Writing My Way Through Breast Cancer

by Teresa Schreiber Werth

Pub Date: Aug. 30th, 2011
ISBN: 978-1929581009
Publisher: Creative Energies

Werth’s debut about her battle with breast cancer is a mix of prose and poetry that’s part autobiography, part memoir, part journal and part self-help guide for others facing similar “faith walks.”

On a particularly sunny, life-affirming spring day, Werth drove to her dentist’s office with the sunroof open, had her teeth cleaned, unexpectedly ran into her radiologist of the past 20 years, ran errands, went hiking with friends, enjoyed a picnic lunch, had a “serendipitous routine” mammography, was forced by traffic to run over a woodchuck and learned she had stage III, triple-negative breast cancer—an especially aggressive subtype of the disease. It was, as they say, the best of times and the worst of times rolled into one 24-hour period of the 62-year-old’s life. Her reaction to the news was to do what she’s always done at seminal moments in her life—to write. The words flowed throughout her “frightening and unfamiliar” journey into breast cancer. A self-described realist, Werth jumps right on the “Cancer Express” and takes the reader along for the visceral ride. She writes, “I must go forward…I cannot avoid the inevitable…It is what it is (one of my favorite clichés). The woodchuck is dead, and I have cancer.” Willing to have those difficult discussions about the “c” word, Werth goes to the places and topics most people refuse to visit.

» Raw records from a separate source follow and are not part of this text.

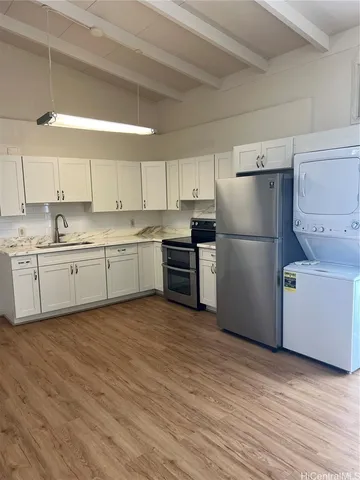 a kitchen with a refrigerator a sink and dishwasher with wooden floors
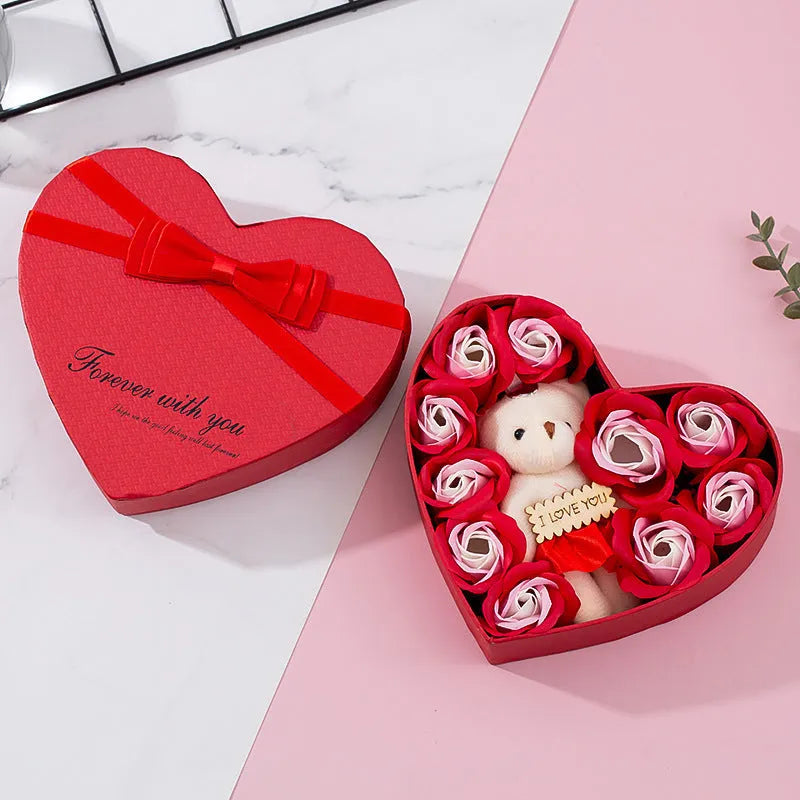 Red heart-shaped gift box open to reveal soap roses inside.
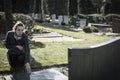 Woman sitting at grave Royalty Free Stock Photo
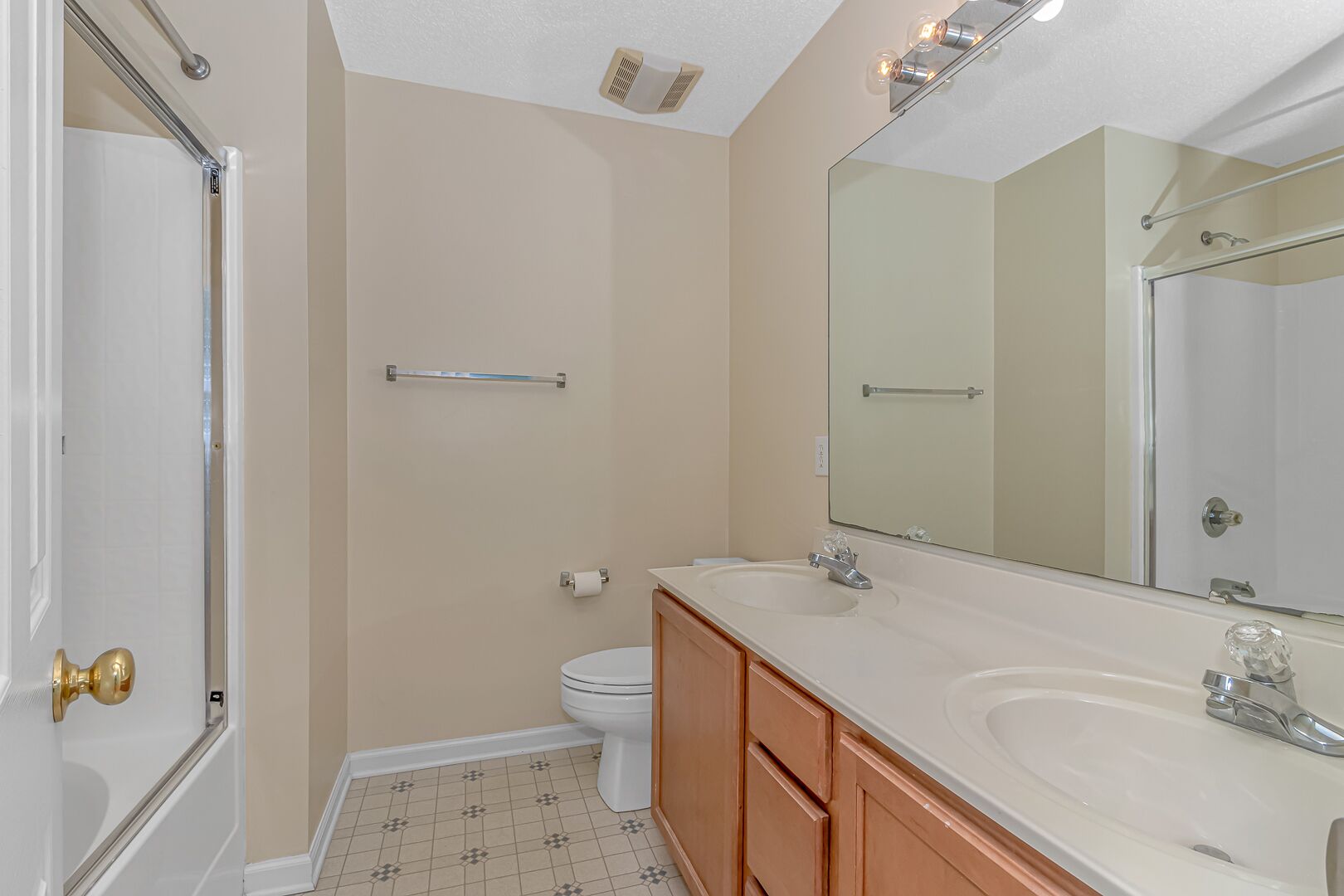 Une salle de bain comprenant des toilettes, un lavabo, un miroir, un porte-serviettes et une porte de douche.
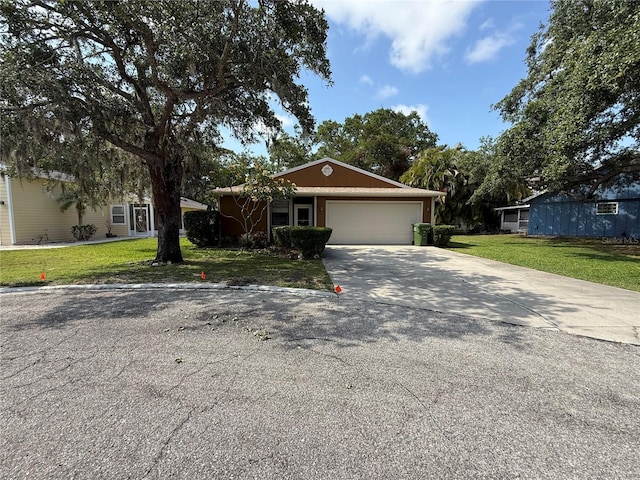 3957 Bearded Oaks Ct, Sarasota, FL 34232 - ranch-style house featuring driveway, a garage, and a front yard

But this is not a tale of doom and gloom. Yes, there is fear, doubt and momentary anger, but those emotions are accompanied by hope, humor and gratitude as Werth discovers how to live in the moment and find the beauty, fragrance and delight of every day on Earth. Werth’s at her literary best in the prose sections; her recollections of her grandmother, who had “two radical mastectomies” 53 years earlier, quickly draw the reader in thanks to vivid images of the people, places and scars of that faraway time. Less enjoyable are Werth’s forays into poetry. It’s not that she’s not a good writer; it’s that the poems seem disjointed, incongruent and sometimes random. While traveling through the prose is a smooth, easy ride, venturing through the poems can feel cumbersome and laborious. For those on their own unfamiliar, scary voyage with cancer, this book will likely inspire, comfort and perhaps motivate them to journal their way through the disease.